I found that the retrieval speed of the dataframe is very fast. I created 1 million rows of dataframe, and it only took less than 1 second to filter the required data. But why is it so slow when I use the append method to add data to an empty dataframe?

Here is my code, which took more than 2 hours to execute. What am I missing? Or is there a better way to add data than df.append mothod?

import pandas as pd
import datetime
import random

data = pd.DataFrame(columns=('Open','High','Low','Close','Avg20'))
start = datetime.datetime.now()
for i in range(1000000):
        if i % 10000 == 0:
                print(i/1000000*100 , '%completed.')
        data = data.append({'Open':random.random(), 'High':random.random(), 'Low':random.random(), 'Close':random.random(),'Avg9':random.random()},ignore_index=True)
    
end = datetime.datetime.now()
print(start, end)

Thanks in advance.

Sun Jar
  • 91
  • 9
  • 3
    Does this answer your question? [Python - Efficient way to add rows to dataframe](https://stackoverflow.com/questions/41888080/python-efficient-way-to-add-rows-to-dataframe) – Mahrkeenerh Nov 02 '21 at 08:25
  • The slowness of `append` is something that you usually stumble upon when working with `DataFrames`. Can you clarify if you truly need to append row-wise or if you actually have the full dataset available and hence, can create the entire df in one go? – Kosmos Nov 02 '21 at 08:33
  • Hi, Kosmos, thanks for reply, Yes I need add datas row by row, because I didn't have entire data set at begin, all datas came from other data source, so I can't create a whole dataframe at once. – Sun Jar Nov 02 '21 at 08:40
  • HI,Mahrkeenerh, the answer is very helpful, I have tried df.loc method, it's better than df. append but still feel slowly, worse than I use df.iloc to searching data. Maybe there is no better solution for this question. Thank you. – Sun Jar Nov 02 '21 at 09:01

1 Answers1

2

DataFrame append is slow since it effectively means creating an entirely new DataFrame from scratch.
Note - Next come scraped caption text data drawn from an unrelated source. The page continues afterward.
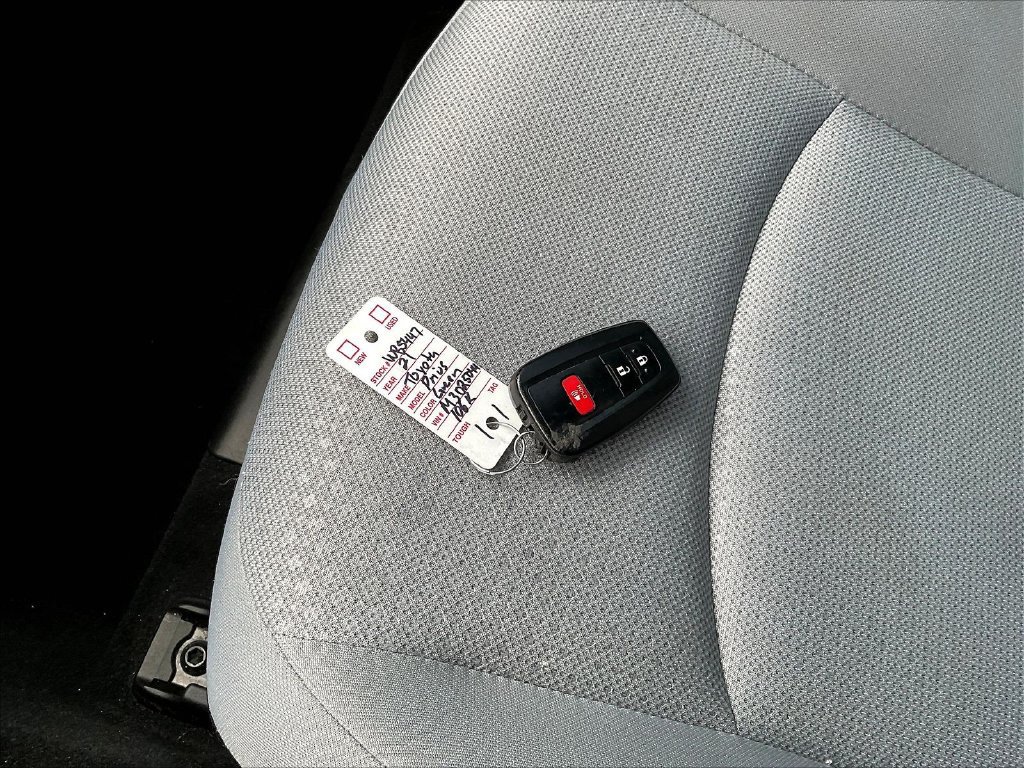 Used 2021 Toyota Prius LE AWD/4WD image 35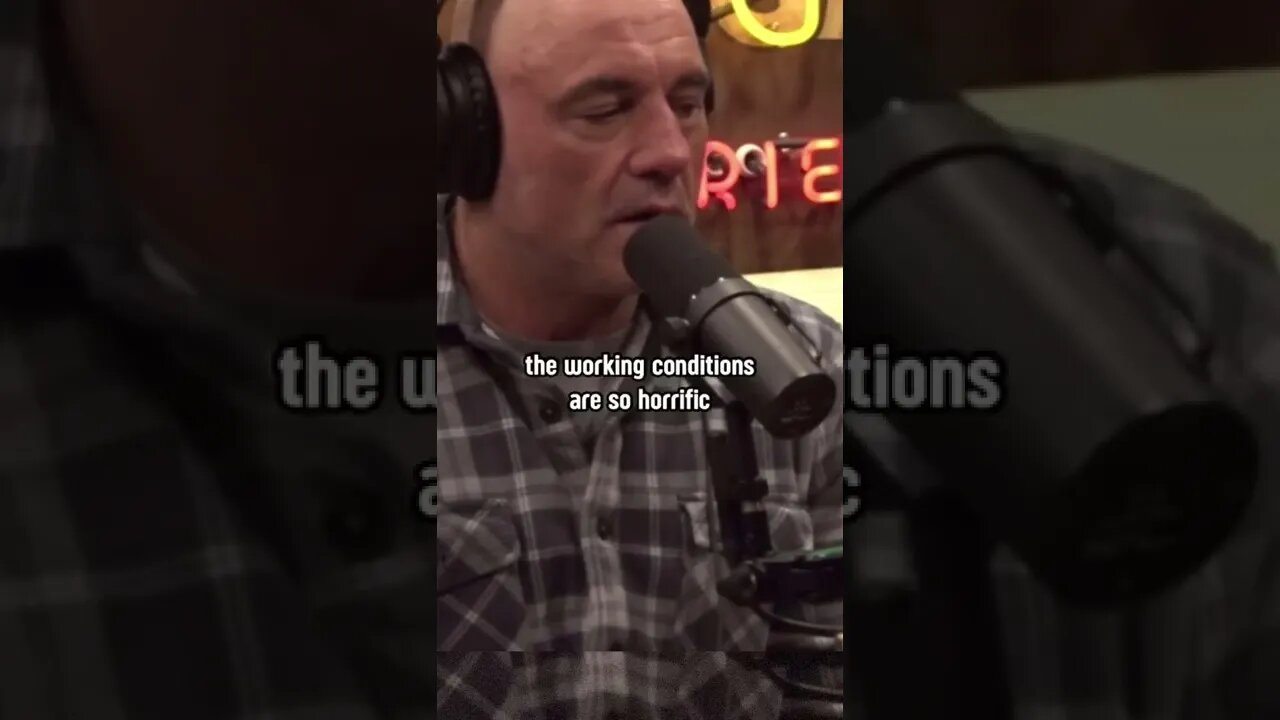 Jumping to their 🪦 Death 💀 Joe Rogan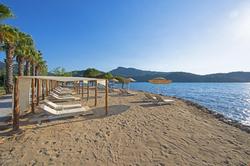 Chillos Beach
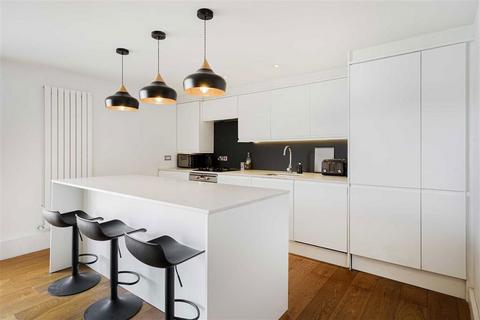 2 bedroom flat for sale, Stane Grove, London SW9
If you just wanted to optimize the code above, you could append all your rows to a list rather than DataFrame (since appending to list is fast) then create the DataFrame outside the loop - passing the list of data.

Similarly if you need to combine many DataFrames, it's fastest to do via a single call to pd.concat rather than many calls to DataFrame.append.

John Greenall
  • 1,670
  • 11
  • 17